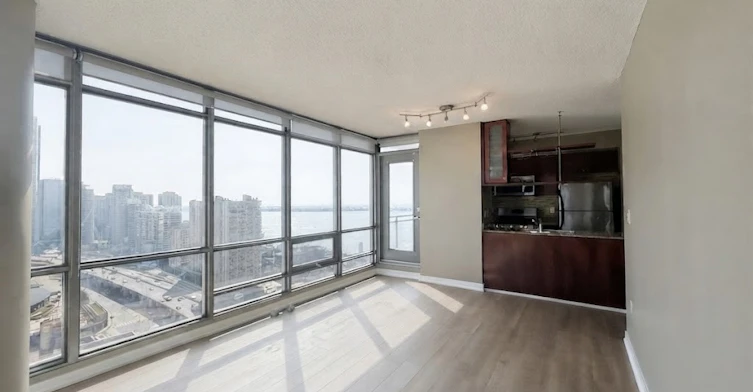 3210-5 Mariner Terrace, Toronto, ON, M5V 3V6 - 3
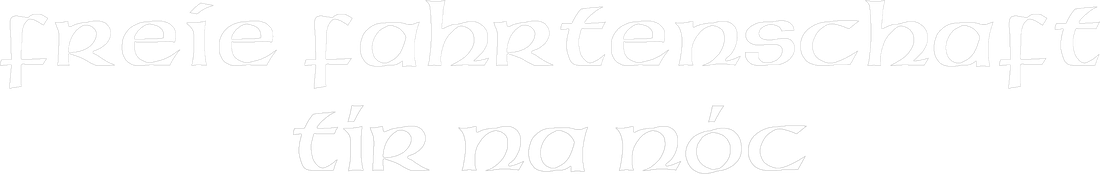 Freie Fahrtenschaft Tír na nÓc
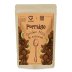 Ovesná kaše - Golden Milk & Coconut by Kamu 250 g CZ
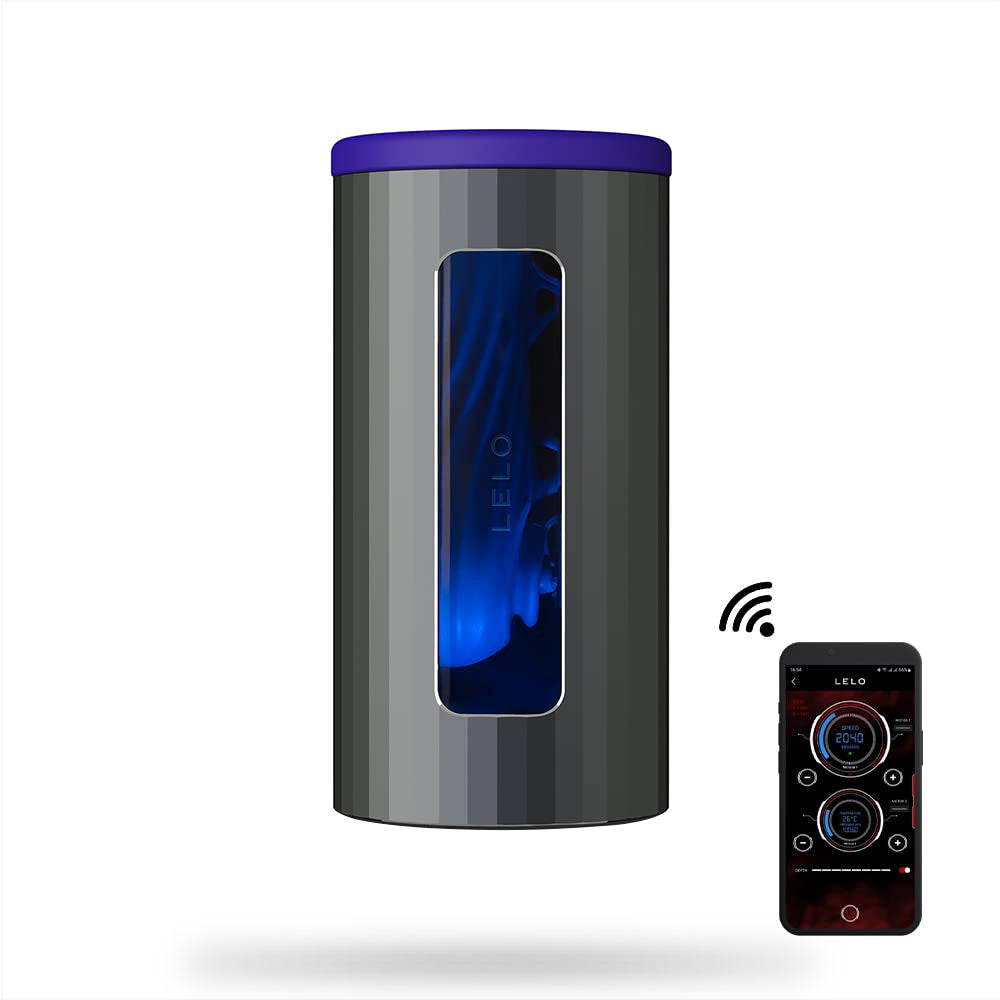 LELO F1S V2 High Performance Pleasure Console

> **ABOUT THIS EXERCISE**: The listing above must be repeated exactly. Its pictures are not part of the copy.

> **OUTPUT OF THE EXERCISE**:
 3210-5 Mariner Terrace, Toronto, ON, M5V 3V6 - 3
 Freie Fahrtenschaft Tír na nÓc
 Ovesná kaše - Golden Milk & Coconut by Kamu 250 g CZ
 LELO F1S V2 High Performance Pleasure Console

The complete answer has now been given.